Yanzhong Trade Co. Ltd., based in east China's Zhejiang Province, is the first private company involved in logistics in China. The company, with a registered capital of five million yuan (602,400 U.S. dollars), exported fabrics worth 10 million U.S. dollars last year.
The company is aiming to explore the South America market this year, said Lu Tianming, the company's representative attending the East China Export and Import Commodity Fair 2002, which opened last Friday in Shanghai.
"Some companies from the Middle East at the Fair have expressed the hope of cooperating with our company," he said.
The company's export business in America and Europe was affected after the September 11 incident. But Lu said that this year's business would be better than last year, judging from the results of the first two months of 2002.
Zhejiang boasts one of the most vigorous private economies in China.
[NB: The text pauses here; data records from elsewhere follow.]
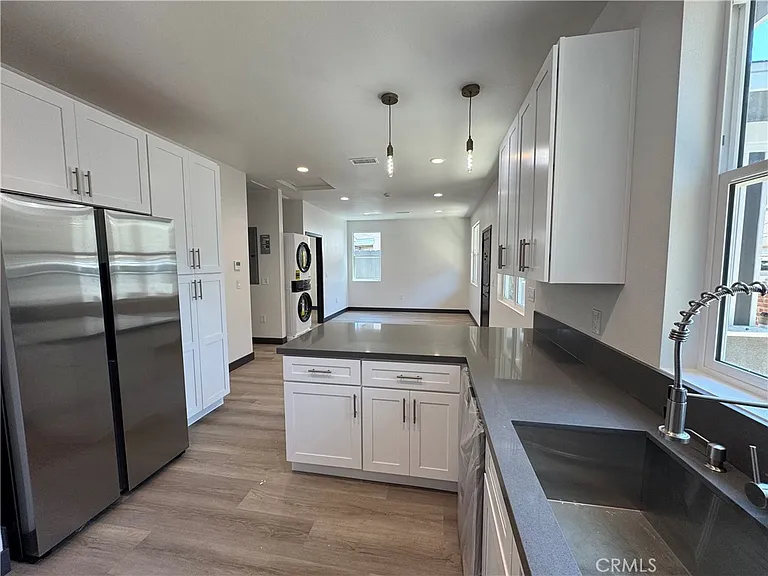 1417 W 3rd St — Photo 4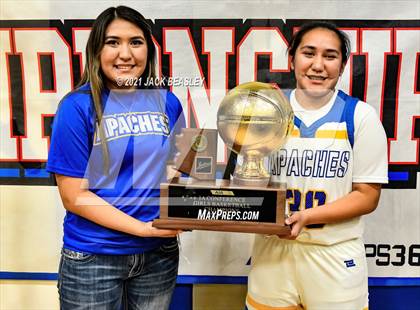 Thumbnail 3 in Fort Thomas vs. Mogollon  (AIA 1A Trophy Ceremony) photogallery.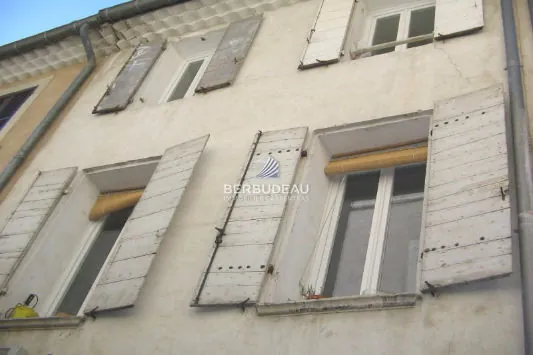 Immeuble de rapport à vendre à Carpentras en plein centre-ville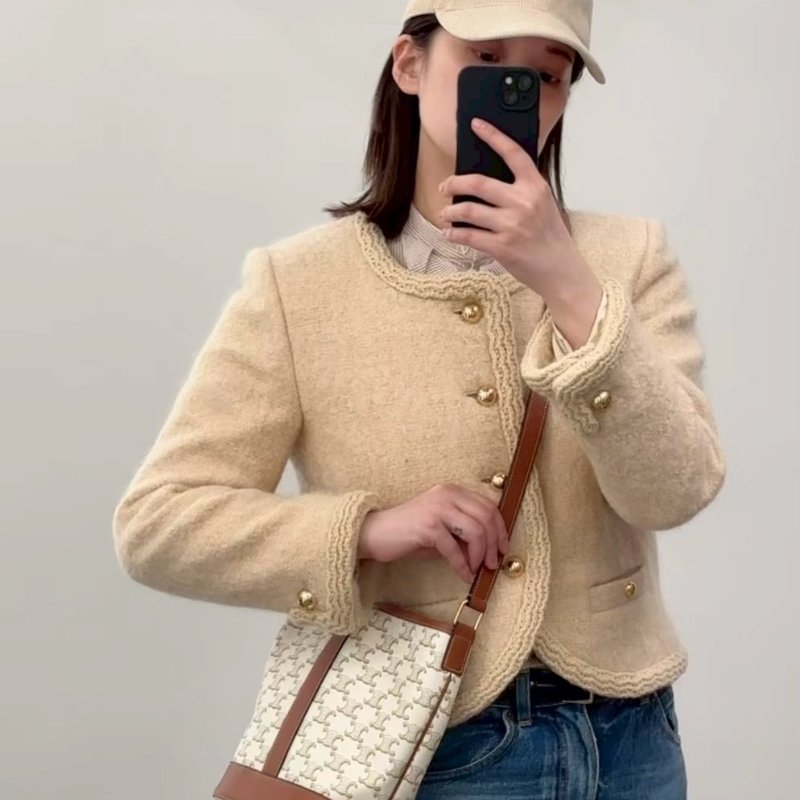 （迎接夏日的白色🌞）🏷️Celine 瑟琳．Triomphe 老花水桶包 小號/客人寄賣-18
One fourth of the 23 billion U.S. dollars-worth of the province's exports came from the private sector in 2001.
The Ministry of Foreign Trade and Economic Cooperation did not grant Zhenjiang's private businesses import-export licenses until 1999.
Private businesses will play a positive role in enhancing China's exports, said Wang Yaotian, a specialist in WTO issues.
The fair, which has been held annually since 1991, is China's largest regional export and import commodity fair. Contracts resulting from the fair, which was attended by about 10,000 domestic and foreign business people, reached a record 1.532 billion U.S. dollars-worth in 2001.
The 2002 event has attracted some 600 domestic and foreign businesses, and features three categories of exhibits -- garments, light industrial products and technology.
East China is one of the most developed regions in the country, with its industrial output totaling 2.6 trillion yuan in 2001.